モバイル通信網のトラフィックを無線LAN(Wi-Fi)に逃がす「Wi-Fiオフロード」の動きが世界各国で活発になってきた。Wi-Fiを標準搭載するスマートフォンの爆発的な普及が背景にある。海外のW-Fiオフロードをめぐる各社の動きを整理し、トレンドを概観する。

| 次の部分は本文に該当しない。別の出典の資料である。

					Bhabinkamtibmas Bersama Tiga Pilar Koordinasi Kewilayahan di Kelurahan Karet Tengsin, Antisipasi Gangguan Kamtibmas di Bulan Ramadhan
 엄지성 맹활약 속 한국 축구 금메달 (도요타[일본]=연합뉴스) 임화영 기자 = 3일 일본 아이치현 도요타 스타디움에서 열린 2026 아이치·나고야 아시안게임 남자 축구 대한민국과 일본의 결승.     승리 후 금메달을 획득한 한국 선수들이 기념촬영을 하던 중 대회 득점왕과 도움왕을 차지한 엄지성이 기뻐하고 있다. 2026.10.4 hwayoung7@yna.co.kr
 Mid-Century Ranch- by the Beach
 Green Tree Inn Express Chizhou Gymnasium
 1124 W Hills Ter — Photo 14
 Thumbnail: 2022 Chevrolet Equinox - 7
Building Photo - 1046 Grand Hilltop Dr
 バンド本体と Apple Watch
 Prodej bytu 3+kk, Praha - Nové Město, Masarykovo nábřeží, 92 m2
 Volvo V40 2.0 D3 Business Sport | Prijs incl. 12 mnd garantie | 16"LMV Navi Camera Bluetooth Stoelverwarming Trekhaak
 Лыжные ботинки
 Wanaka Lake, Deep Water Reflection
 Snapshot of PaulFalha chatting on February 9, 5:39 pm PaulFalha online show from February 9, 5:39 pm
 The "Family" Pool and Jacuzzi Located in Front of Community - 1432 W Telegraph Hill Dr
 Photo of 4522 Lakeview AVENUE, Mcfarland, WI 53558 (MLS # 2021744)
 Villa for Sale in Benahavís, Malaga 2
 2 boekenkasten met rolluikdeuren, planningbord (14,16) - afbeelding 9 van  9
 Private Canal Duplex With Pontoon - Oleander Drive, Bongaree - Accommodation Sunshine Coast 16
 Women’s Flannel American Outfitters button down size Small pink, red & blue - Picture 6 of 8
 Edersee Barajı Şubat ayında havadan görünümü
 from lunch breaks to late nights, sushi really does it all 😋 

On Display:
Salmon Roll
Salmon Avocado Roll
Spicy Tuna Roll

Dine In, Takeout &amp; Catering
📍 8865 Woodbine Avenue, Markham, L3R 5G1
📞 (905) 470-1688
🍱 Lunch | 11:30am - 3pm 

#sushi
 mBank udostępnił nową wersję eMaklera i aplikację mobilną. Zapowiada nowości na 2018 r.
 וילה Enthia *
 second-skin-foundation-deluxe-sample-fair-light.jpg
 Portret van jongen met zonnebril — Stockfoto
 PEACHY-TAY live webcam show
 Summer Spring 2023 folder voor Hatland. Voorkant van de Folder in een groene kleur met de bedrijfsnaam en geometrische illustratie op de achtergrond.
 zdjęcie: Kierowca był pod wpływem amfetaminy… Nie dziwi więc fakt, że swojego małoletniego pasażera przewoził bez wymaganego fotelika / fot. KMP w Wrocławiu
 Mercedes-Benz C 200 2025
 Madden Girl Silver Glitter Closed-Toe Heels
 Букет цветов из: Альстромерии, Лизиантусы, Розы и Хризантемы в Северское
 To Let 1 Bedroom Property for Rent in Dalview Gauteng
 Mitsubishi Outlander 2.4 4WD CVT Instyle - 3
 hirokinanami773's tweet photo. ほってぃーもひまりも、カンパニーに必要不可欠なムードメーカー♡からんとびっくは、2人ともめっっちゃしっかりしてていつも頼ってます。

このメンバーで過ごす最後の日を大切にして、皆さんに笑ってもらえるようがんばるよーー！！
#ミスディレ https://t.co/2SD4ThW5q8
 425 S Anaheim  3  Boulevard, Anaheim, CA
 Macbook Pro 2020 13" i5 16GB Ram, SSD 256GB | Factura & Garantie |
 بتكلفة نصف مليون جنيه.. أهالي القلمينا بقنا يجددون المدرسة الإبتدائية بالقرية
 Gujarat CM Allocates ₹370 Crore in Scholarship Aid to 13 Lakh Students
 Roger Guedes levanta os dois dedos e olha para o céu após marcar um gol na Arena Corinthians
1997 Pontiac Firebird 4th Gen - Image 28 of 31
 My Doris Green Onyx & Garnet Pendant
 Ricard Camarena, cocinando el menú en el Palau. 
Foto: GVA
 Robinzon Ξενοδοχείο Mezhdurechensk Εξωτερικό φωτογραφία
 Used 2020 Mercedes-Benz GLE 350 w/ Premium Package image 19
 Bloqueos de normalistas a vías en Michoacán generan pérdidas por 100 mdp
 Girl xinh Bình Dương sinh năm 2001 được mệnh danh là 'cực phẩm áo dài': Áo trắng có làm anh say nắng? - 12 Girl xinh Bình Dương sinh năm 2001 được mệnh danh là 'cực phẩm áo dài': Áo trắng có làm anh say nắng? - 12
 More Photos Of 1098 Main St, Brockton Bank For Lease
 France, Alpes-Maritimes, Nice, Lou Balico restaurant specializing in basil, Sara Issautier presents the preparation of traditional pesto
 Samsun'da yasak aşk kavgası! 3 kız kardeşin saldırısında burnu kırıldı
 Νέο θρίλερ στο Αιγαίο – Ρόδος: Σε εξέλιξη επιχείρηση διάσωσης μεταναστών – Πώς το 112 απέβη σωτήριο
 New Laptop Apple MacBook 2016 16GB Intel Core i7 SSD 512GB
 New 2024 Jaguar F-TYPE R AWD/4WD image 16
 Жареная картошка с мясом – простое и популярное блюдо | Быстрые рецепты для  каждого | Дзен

 スマートフォンの普及ペースが世界的に加速している。それに伴い、モバイル通信網を流れるトラフィックの急増への対応が、通信事業者の喫緊の課題となっている。モバイル通信網の逼迫緩和にはいろいろな方策があるが、無線LAN(Wi-Fi)へのオフロード(退避)に多くの通信事業者が前向きだ。トラフィック急増の主因であるスマートフォンにWi-Fiが標準搭載されているからである。

Wi-Fi活用で先行する米AT&T

 米AT&Tは、かねてからWi-Fiを積極的に活用してきた通信事業者だ。2008年12月にWi-Fiスポットプロバイダー大手のウェイポートを2億7500万ドルで買収。2011年春時点のWi-Fiスポット数は約2万4000カ所に上る。

 競合の米ベライゾン・ワイヤレスはWi-Fiの活用にそれほど積極的な姿勢を見せていなかった。ところが2011年2月にEV-DO対応のiPhone 4を発売して以降、状況は変わりつつあるようだ。同社のスポークスパーソンはホテルやスタジアム、大学構内などトラフィックが多い場所で、EV-DOやLTE(Long Term Evolution)のデータサービス利用者に無料でWi-Fiサービスを提供すると語っている。

英O2は自社Wi-Fi網の本格整備へ

 英O2も、Wi-Fiの活用を前面に打ち出してきた。同社は2011年1月に自社Wi-Fi網の構築を発表。2013年までに英国内で大手のWi-Fiプロバイダーであるザ・クラウド(約4100カ所)、BT(約3800カ所)の2倍以上のWi-Fiスポットを設置する計画である。店舗やレストランなどとの提携も含め屋内・屋外を広くカバーする。

 同社の計画で特徴的なのは、自社顧客以外にもインターネットアクセスを無料で開放する点だ。同社新事業部門のディレクターであるティム・セフトン氏は「当社の顧客のうち、無料の公衆Wi-Fiをモバイル通信網の代わりに使っているのは20%にすぎない。利用料金への不満や、サービス品質にばらつきがあるためである。当社のWi-Fiスポットで、モバイル利用者に高品質な公衆Wi-Fiアクセスを提供する」と語っている。

 O2とは逆の動きを示すのが韓国SKテレコムである。これまで自社顧客以外にも開放していた約3万8000カ所のWi-Fiスポットを2011年7月1日から自社顧客向けに限定する、と報じられた。競合するKT(約5万7000カ所)やLG U+(約1万カ所)は以前から自社顧客だけにWi-Fiスポットを提供している。なおSKテレコムはトラフィックのオフロード施策として、Wi-FiとDC-HSPA+の両方式に対応するフェムトセル基地局の増設にも積極的だ。フェムトセル関連メーカーのピコチップのプレスリリースによれば、2011年末までに1万のフェムトセルを設置する計画という。